Com o tempo organizaram assembleias, já com o auxilio de estudantes da Universidade Federal do Rio Grande do Sul (UFRGS), e decidiram ir a Porto Alegre conversar com o governador Augusto Amaral de Souza (Arena). “Conseguiram agendar uma audiência. A turma reivindicou: nós queremos a terra lá na Macali e Brilhante, porque nós sabemos que é uma área do estado e que foi cedida para particulares, o que não é justo”, conta o padre.

Carta para o Governador | Disponibilizado por Ivaldo Geehlen 

“Fui eu que fui o chefão lá para falar com o governador Amaral de Souza. Na época a gente era meio receoso, porque era a ditadura”, afirma o assentado da Brilhante, Lucival Brachak. “O governo dizia que ia assentar a gente, e eu perguntava: quando?”, lembra.

Vendo que as promessas de solucionar o problema em 30 dias eram rasas, os camponeses e seus apoiadores passaram a enviar telegramas diariamente para o governador, cobrando-o. “Ele não resolveu nada, então numa nova reunião decidimos que iríamos ocupar”, pontua padre Arnildo.

Problema social a ser resolvido 

Depois de algumas ocupações mal sucedidas, com o auxilio da Comissão Pastoral da Terra (CPT), de sindicatos, estudantes, servidores públicos da Secretaria de Agricultura, entre outras entidades, os camponeses passam a se organizar para a ocupação da Macali.

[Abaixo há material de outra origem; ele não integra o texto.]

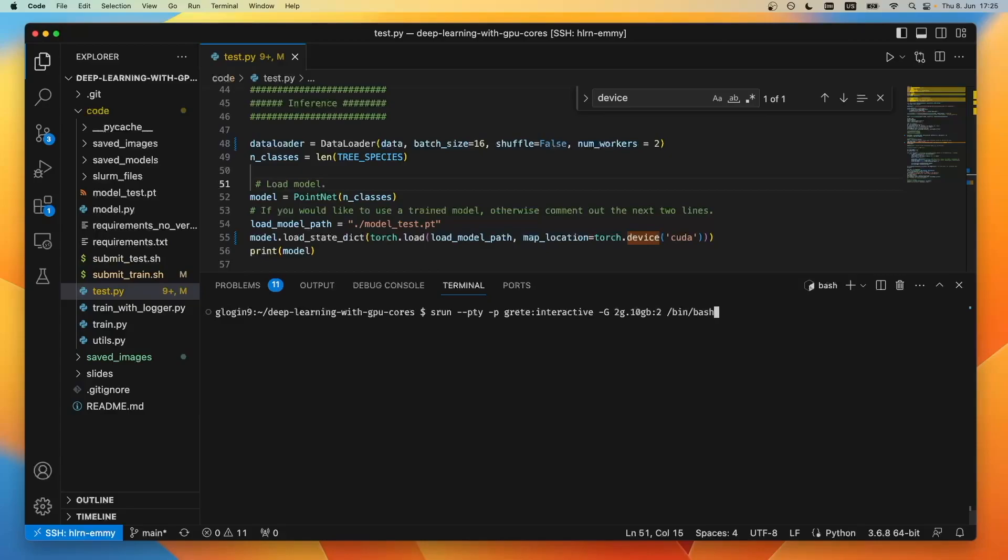I could also add other parameters. For instance, with minus w I could say I want to have a specific node, or with minus minus exclude I could exclude some of the nodes in the partition. But let's keep it simple and use this.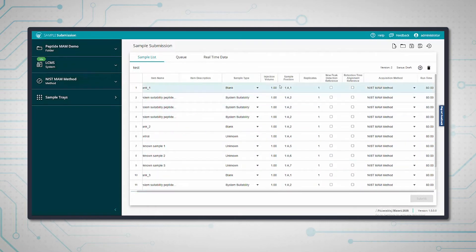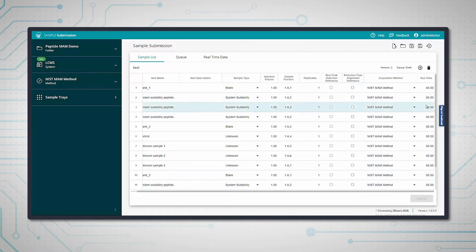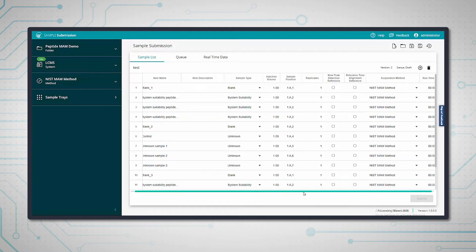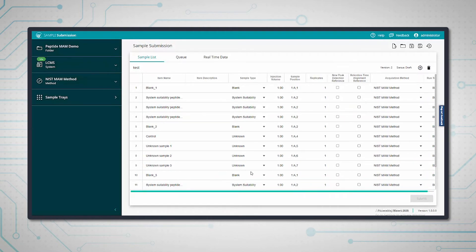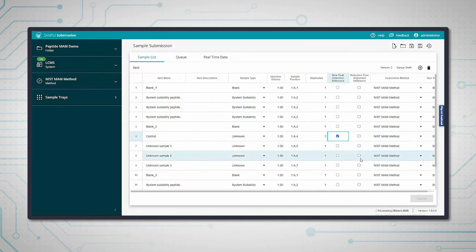We have to specify the sample type - blank, SST, unknown samples - as well as injection volume, sample position, replicates, the acquisition method, and the runtime. We also need to tell the software what to use as the peak detection reference, which will be the control sample, and the retention time alignment reference. For that, we normally pick something in the middle of the run, so I'll pick sample two.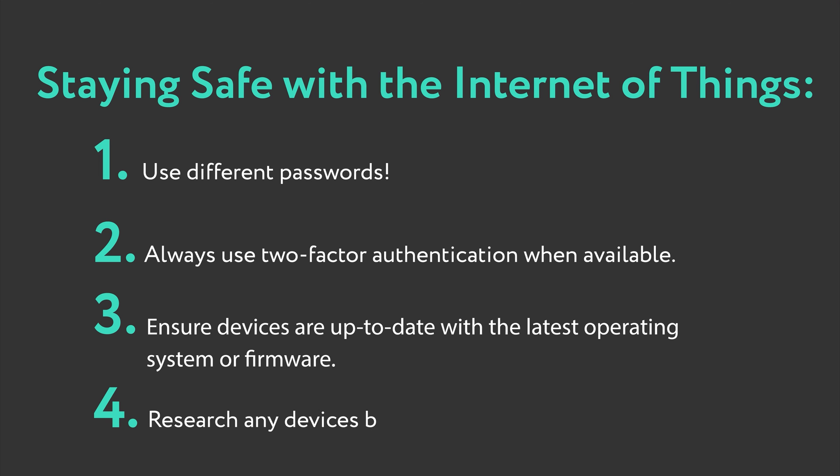And lastly, research any connected device before you buy or use it. Because of the relative newness of this technology, it's possible that some devices hit the market with few security measures.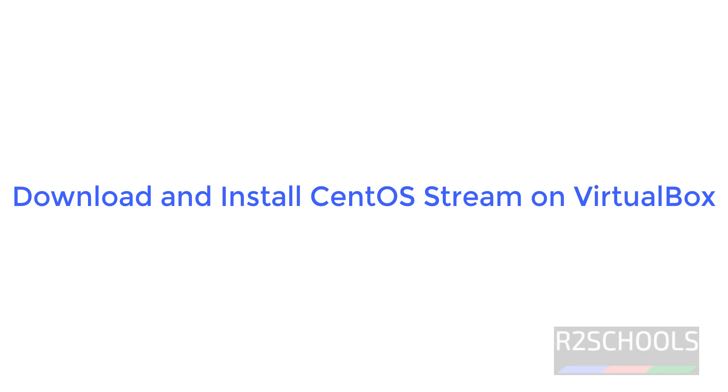Hello guys, in this video we will see how to download and install CentOS Stream 9 on VirtualBox in Windows environment.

Ivaldo Gehlen, atualmente professor do Programa de Pós-Graduação em Desenvolvimento Rural da UFRGS, em Porto Alegre, ressalta a importância da organização para a conquista da terra. Ele destaca que obviamente não haveria luta sem os pequenos agricultores, no entanto, deve ser lembrada a articulação feita pelas instituições e entidades que não visavam nenhum interesse, a não ser auxiliar os Sem Terra na busca pela terra e pela Reforma Agrária.

De acordo com Gehlen, essa equipe multidisciplinar, a qual ele estava incluso, foi fundamental para a luta. “Esse grupo se ocupou e começou a usar a sua experiência, seu conhecimento, e levou aos agricultores para ajudá-los a enxergarem as coisas como eram e para onde eventualmente poderiam caminhar”, enfatiza o sociólogo.

Após algumas reuniões com as lideranças camponesas Sem Terra, foi decidido ocupar a Fazenda Macali. A granja, que na época era considerada moderna e bem equipada, segundo Gehlen, produzia sementes de milho e trigo. No entanto, os proprietários possuíam um contrato irregular com o Estado, pois como eram terras públicas, essas não poderiam ser arrendadas. “Eles sabiam que estavam irregulares. Então não foi difícil tirar a Macali de lá de dentro. Foi só ocupar a terra e eles foram embora”, relembra.